INSTRUCTIONS FOR THE TASK: In this exercise, copy exactly the lines from the one that contains "Versace Jeans Couture" through the end of the entries below; pictures are not copied.
___ TASK INPUT ___
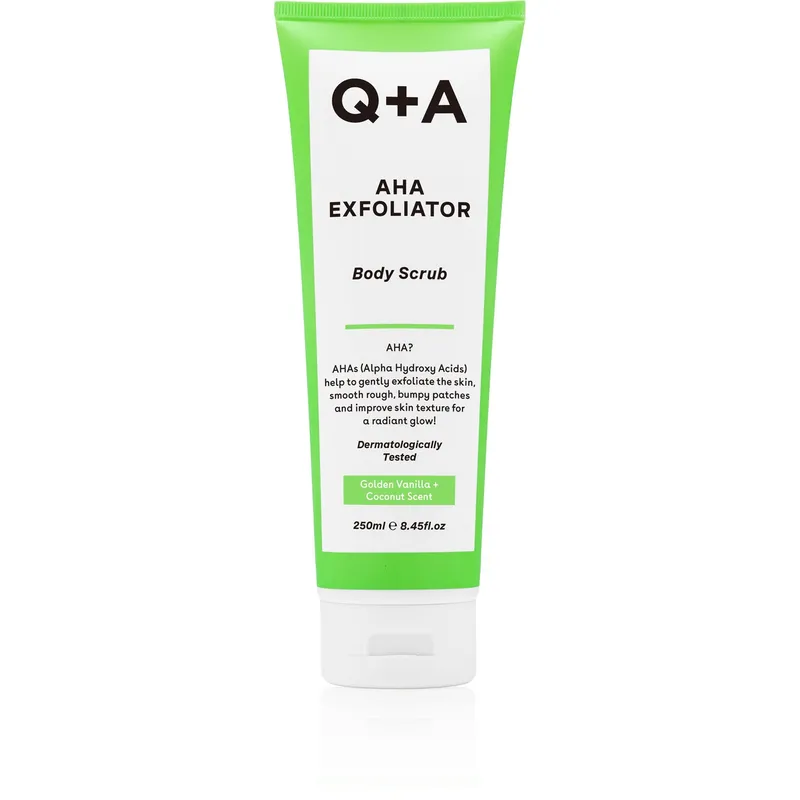 Q+A AHA Exfoliator Body Scrub 250 ml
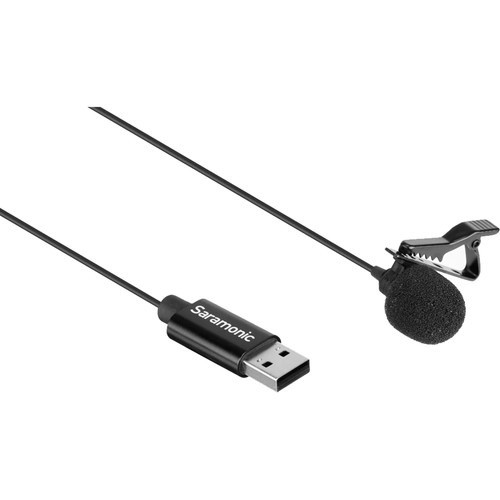 Saramonic ULM10 Lavalier Mikrofon - USB-s Csíptetős mikrofon (200cm)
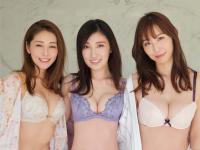 ピラミッド LADIES 黒ビキニでランウェイ 熊田曜子 熊切あさ美 塩地美澄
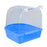 Bird Bath Bathtub Bath Box Bird Cleaning Tool Cage Accessories Parrot Bath Transparent Plastic Hanging Tub
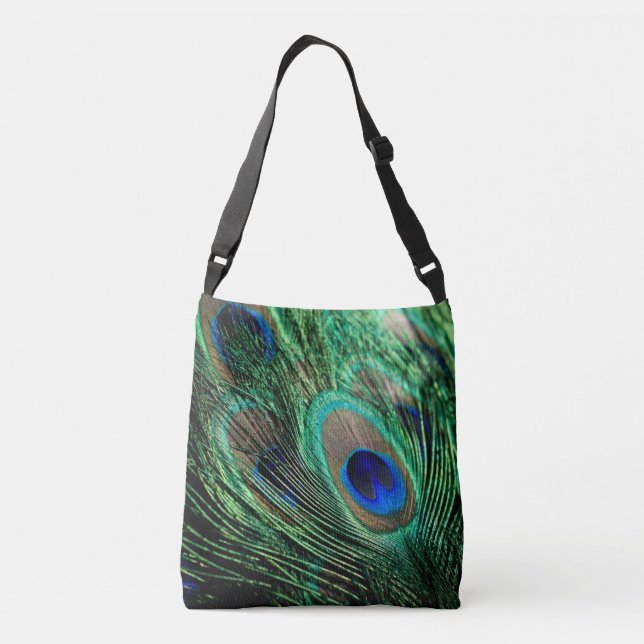 Bolsa Ajustável Peacock Feather Lucky (Verso)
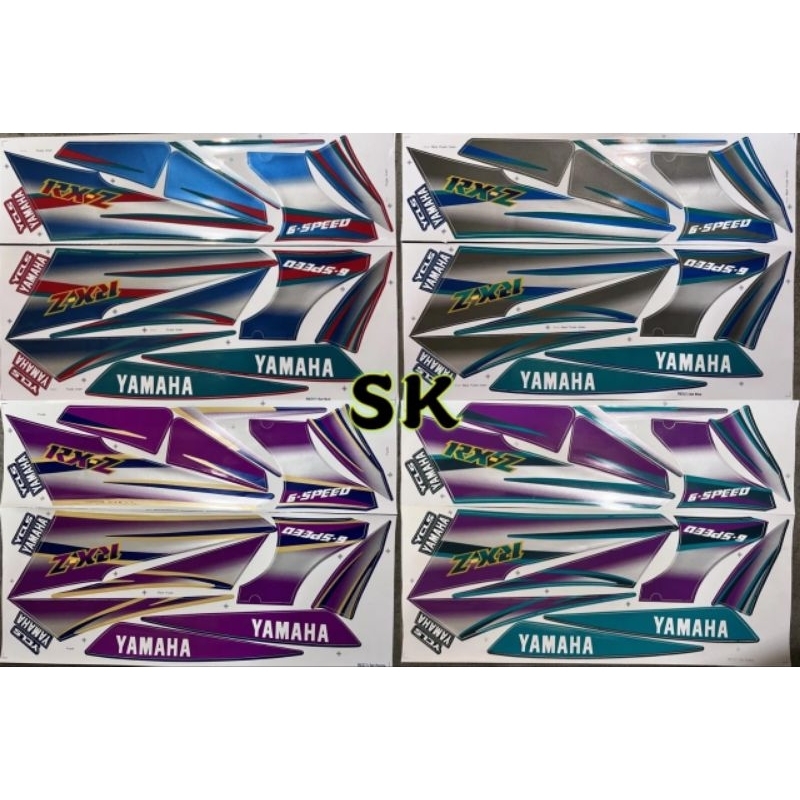 YAMAHA RXZ (7) STRIPE BODY STICKER STIKER (READY STOCK)!!! | Shopee ...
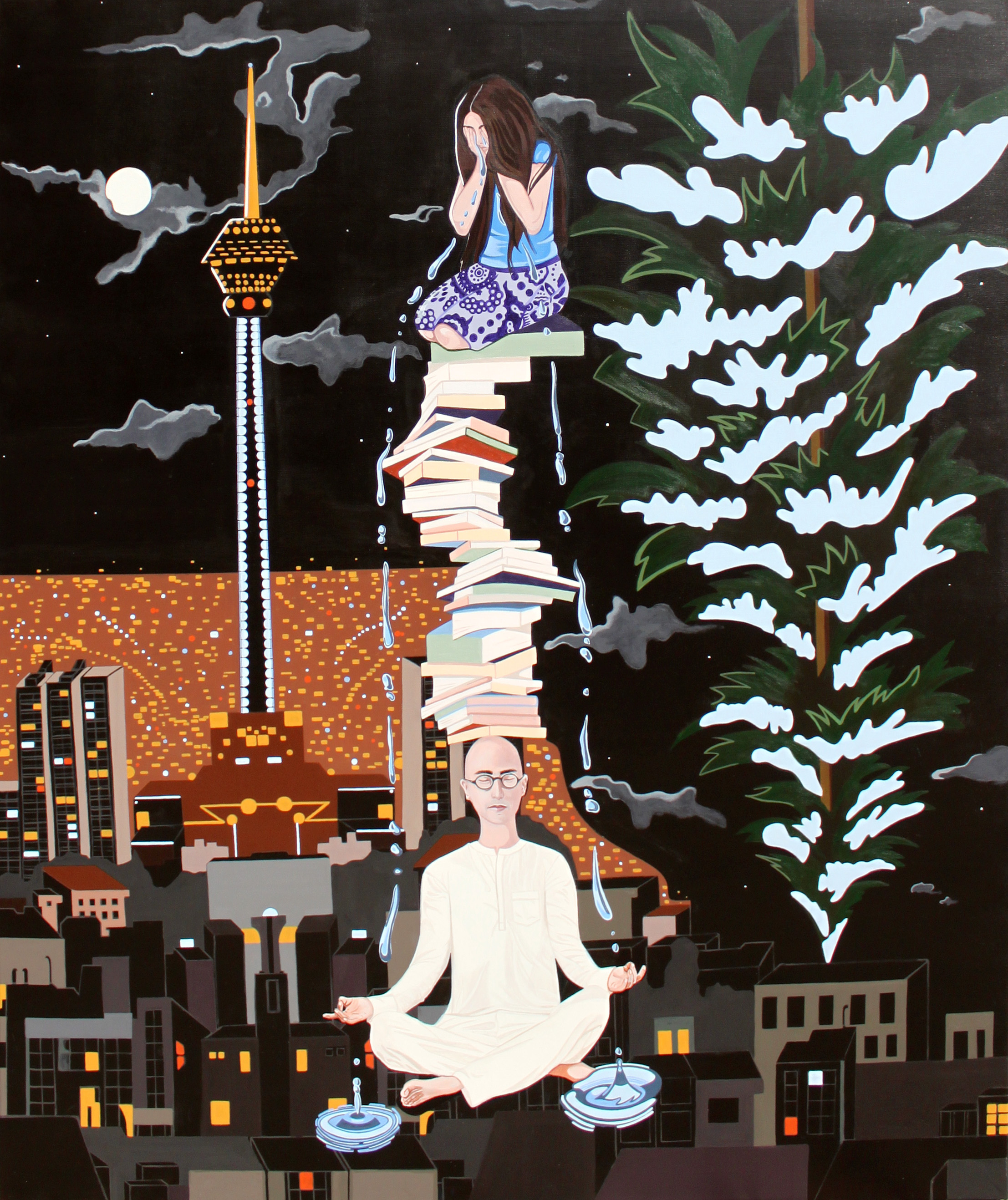 اثر بدون عنوان از مجموعه"رویای همگانی" از لیلا رضوانی اثر بدون عنوان از مجموعه"رویای همگانی" از لیلا رضوانی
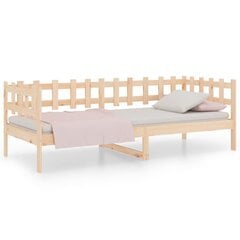 Кровать, 90x190 см, коричневая цена и информация | Кровати | kaup24.ee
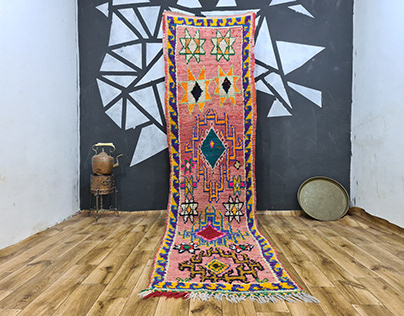 Runner rug stairs - Handmade - Moroccan runner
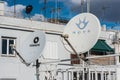 Athens, Attica - Greece - Nova and cosmote satellite antennas for TV and radio broadcasting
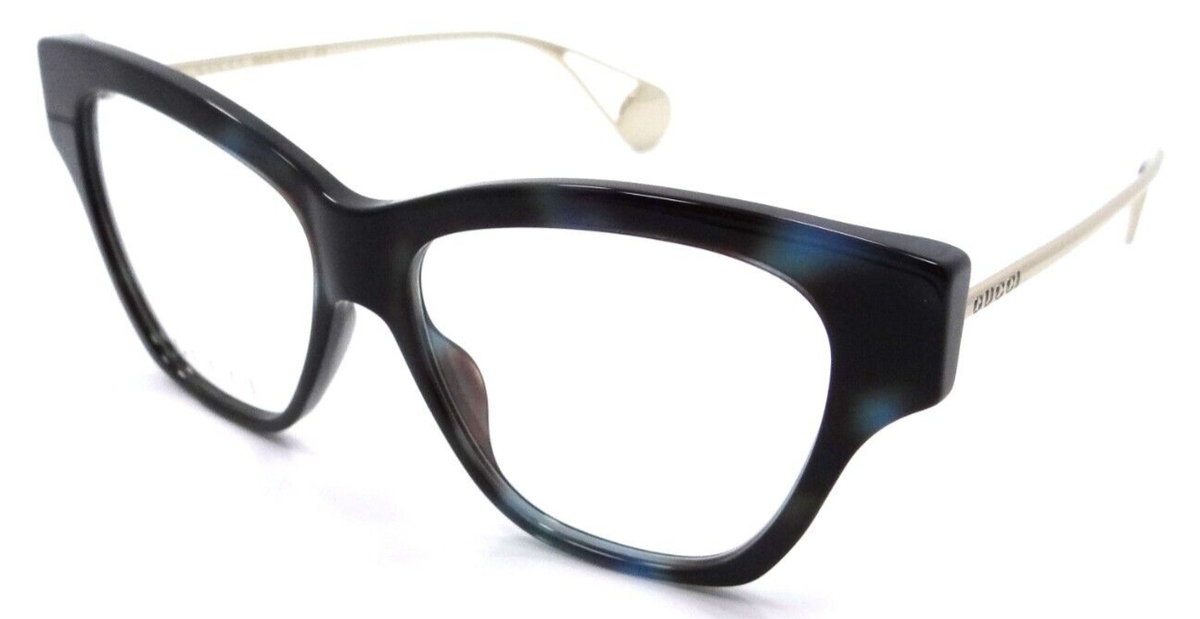 Gucci Eyeglasses Frames GG0438O 003 52-14-140 Havana / Gold  display picture 1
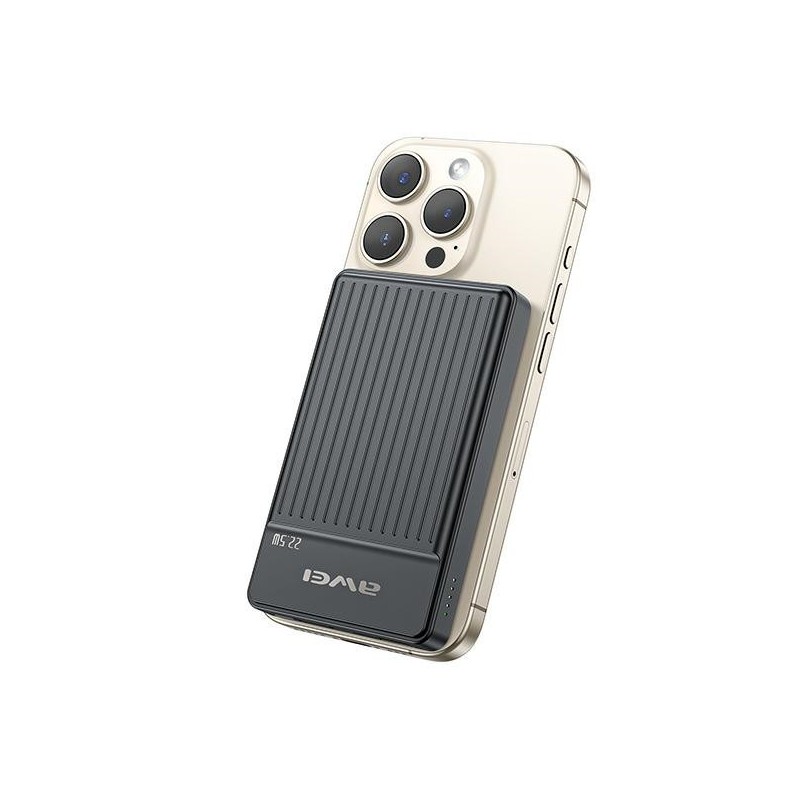 Powerbank indykcyjny MagSafe 10000mAh 22,5W Czarny | PartsPC.pl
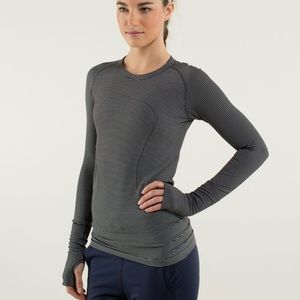 Lululemon Long Sleeve Striped Run Swiftly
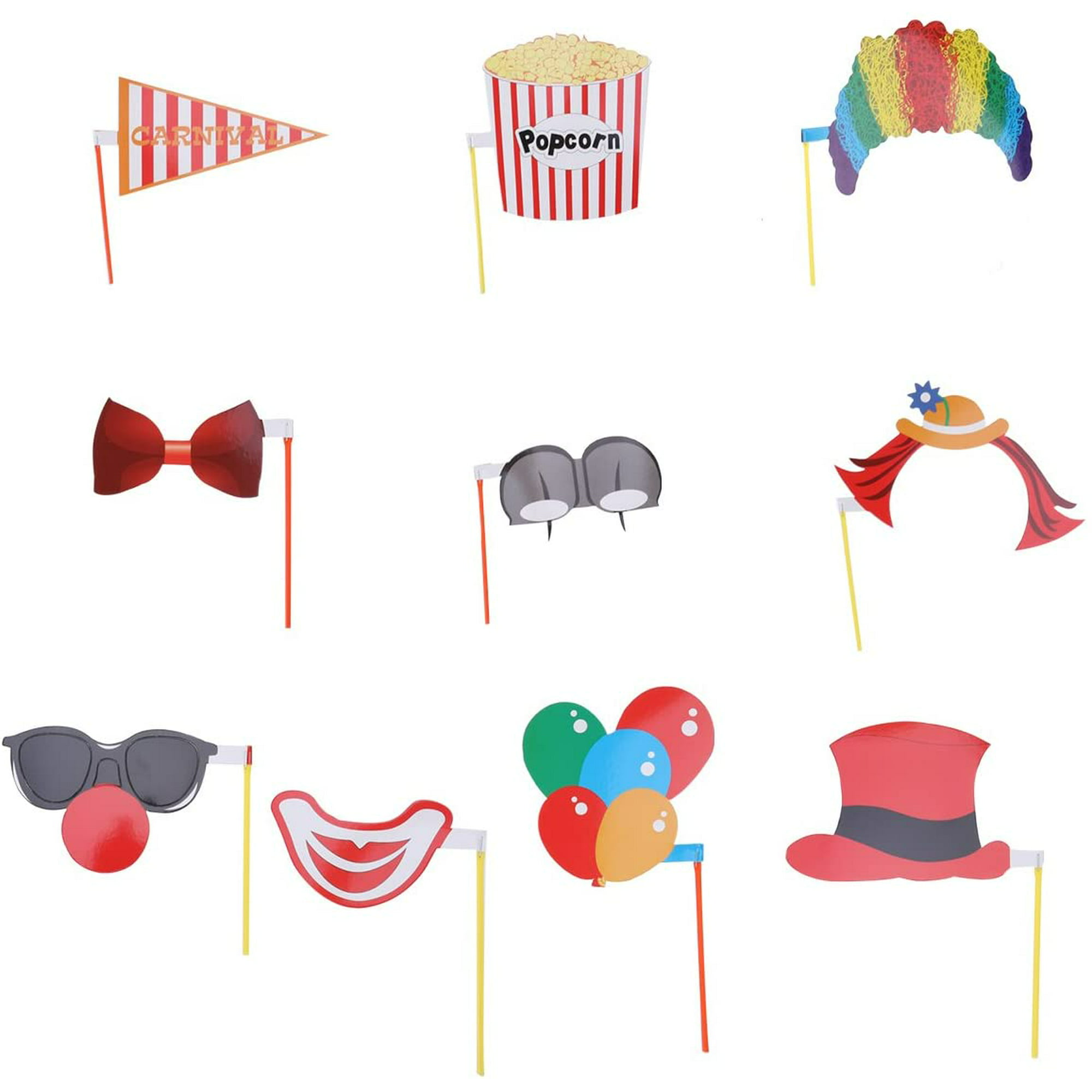 Carnival Photo Booth Props Clown Cosplay Party Dress Up Accessories Diy Pose Sign Kit Pack Of 10 Canada
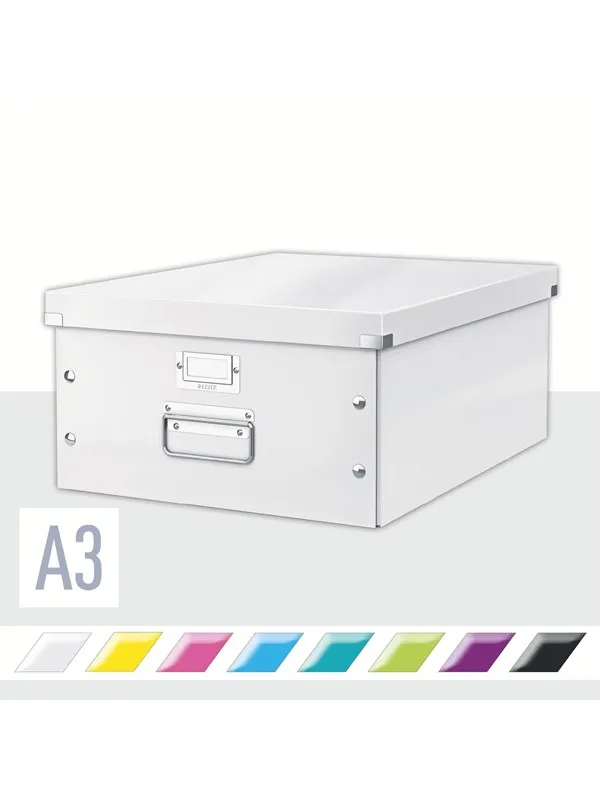 Leitz Oppbevaringsboks Click & Store  WOW Large Hvit
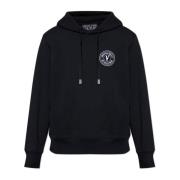 Versace Jeans Couture Sweatshirt med logotyp Black, Herr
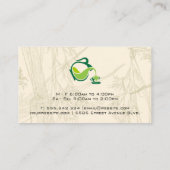 Tea Pot Pour | Tea-Blätter Visitenkarte (Rückseite)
___
ANSWER AREA:
 Versace Jeans Couture Sweatshirt med logotyp Black, Herr
 Tea Pot Pour | Tea-Blätter Visitenkarte (Rückseite)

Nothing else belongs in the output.